This warm sunny day, the sun rose to make it so at 5:38. Cooling will commence in earnest at 20:37.

The Ave Maria bell is in the 21:00 cycle.

It is the feast of St. Philip Neri, my great friend and patron. His body is not far from where I type this, less than five minutes if I hit the green light to get across the Corso. I stopped into the Chiesa Nuova this morning after my own Mass.

Today I celebrated Mass for my parents.

Yesterday I celebrated Mass for all my benefactors.

Tomorrow I will say for all my ROMAN donors.

It is such an awesome grace to be able to offer Mass for intention which God’s understands better than I, little priest.

One of The Parish’s many reliquaries of St. Philp.

St. Philip is Co-Patron of Rome with St. Peter.

This is how The World’s Best Sacristan™ put out my vestments today.

Off to visit St.
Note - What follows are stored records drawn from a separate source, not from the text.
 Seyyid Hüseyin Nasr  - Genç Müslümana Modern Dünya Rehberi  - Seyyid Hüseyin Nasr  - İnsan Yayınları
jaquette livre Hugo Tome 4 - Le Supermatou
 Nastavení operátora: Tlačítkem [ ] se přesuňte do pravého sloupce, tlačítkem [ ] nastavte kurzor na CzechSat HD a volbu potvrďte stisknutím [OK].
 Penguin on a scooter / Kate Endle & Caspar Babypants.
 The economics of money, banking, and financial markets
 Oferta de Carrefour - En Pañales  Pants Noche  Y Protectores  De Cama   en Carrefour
Philip’s tomb in the Chiesa Nuova.

Today they took of the grate in front of the tomb.

How I love the light in Rome at this time of year.  It is so hard to leave.

Supper tonight with The Great Roman™ a friend now of “the years of Jesus”, one of the most honorable men I have every known.
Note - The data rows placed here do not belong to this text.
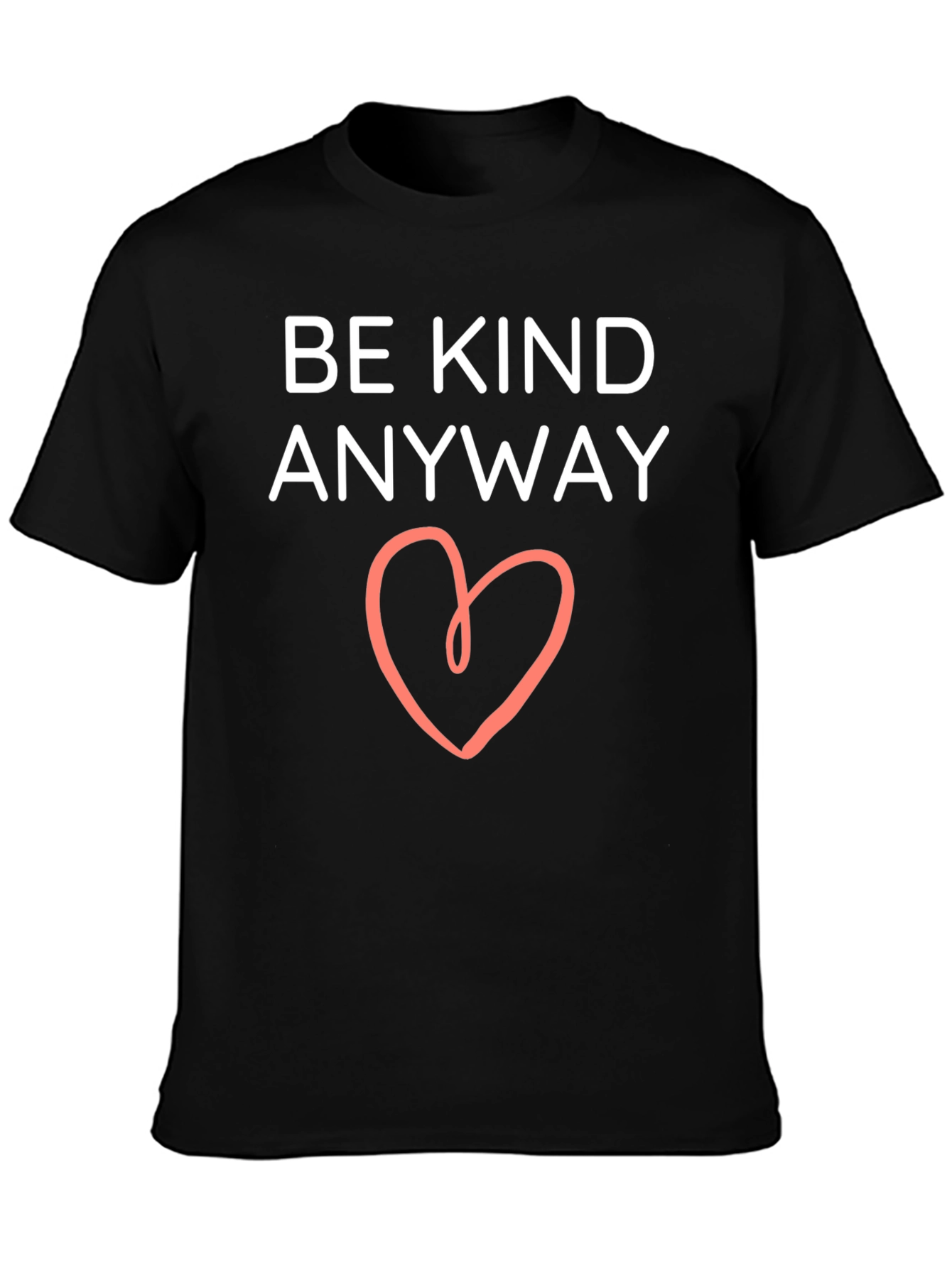 Be Kind Anyway T-Shirt Heart Graphic Tee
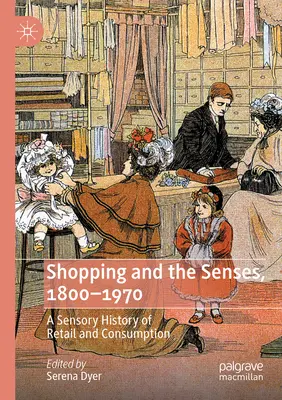 Zakupy i zmysły, 1800-1970: Zmysłowa historia handlu detalicznego i konsumpcji - Shopping and the Senses, 1800-1970: A Sensory History of Retail and Consumption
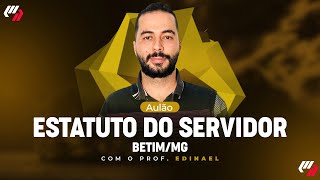 BETIMMG AULÃO ESTATUTO DO SERVIDOR Prof Edinael [upl. by Aicnom]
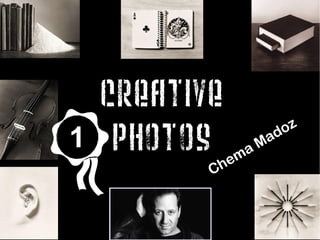 Creative
1    Photos  em
               a   M ad oz

           Ch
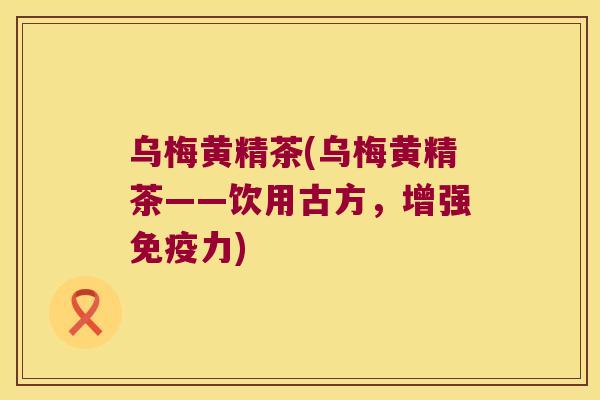 乌梅黄精茶(乌梅黄精茶——饮用古方,增强力) 乌梅黄精茶(乌梅黄精茶——饮用古方,增强力)
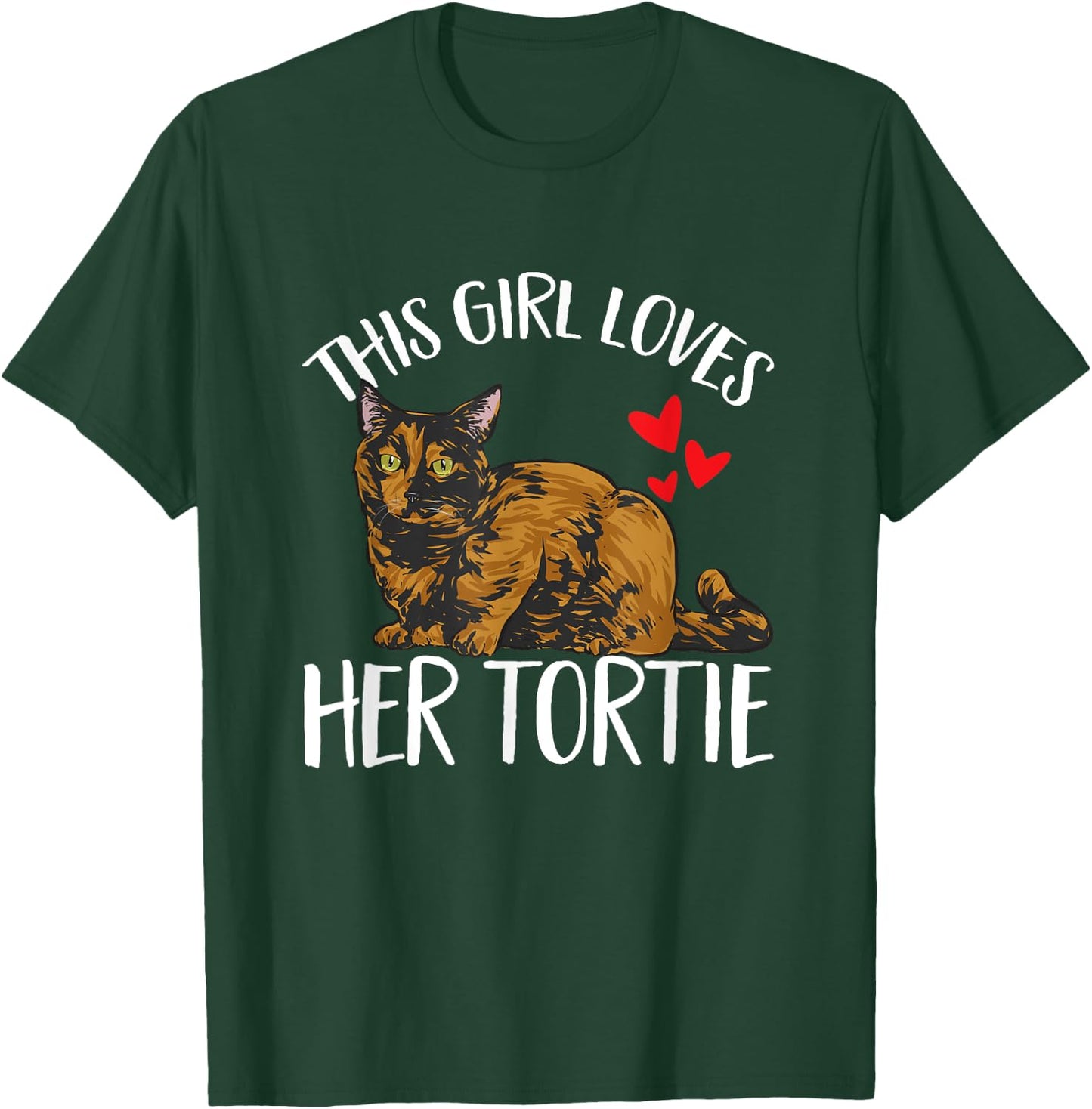 Tortoiseshell Cat This Girl Loves Her Tortie T-Shirt - T-Shirt | Forest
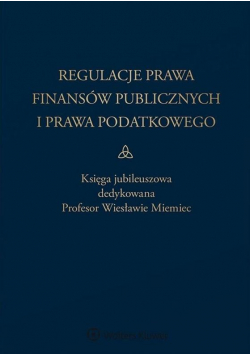 Regulacje prawa finansów publicznych i prawa...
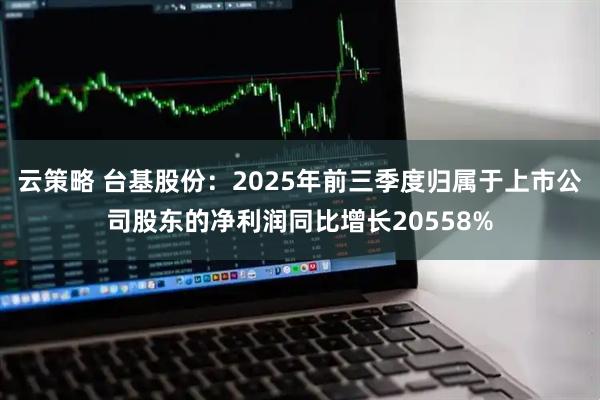 云策略 台基股份：2025年前三季度归属于上市公司股东的净利润同比增长20558%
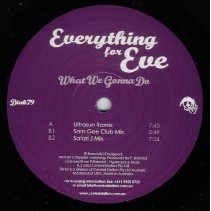 Everything For Eve ‎– What We Gonna Do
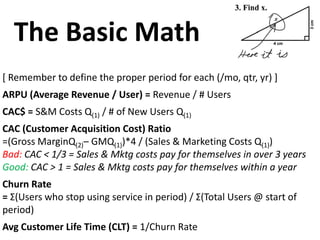 More Math
Growth Rate
   # of Users P(1) - # of Users P(0)
r=
          # of Users P(0)

Estimated Users in N periods = Us...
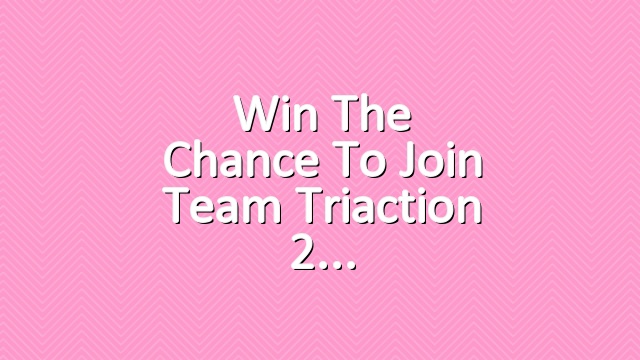Win the chance to join Team Triaction 2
We split a first.   Frankly, we ordered one thing and they brough another, but it worked out.

Which rombo is mine?

Elle Effe… they do a good job.  I have a feeling that they are slightly better organized during the day than the evening.  However when “cook” is on, he’s on.  He was on tonight.

Please remember me when shopping online and use my affiliate links.  US HEREWHY?  This helps to pay for health insurance, utilities, groceries, etc..  At no extra cost, you provide help for which I am grateful.

Don’t forget the monks of Norcia!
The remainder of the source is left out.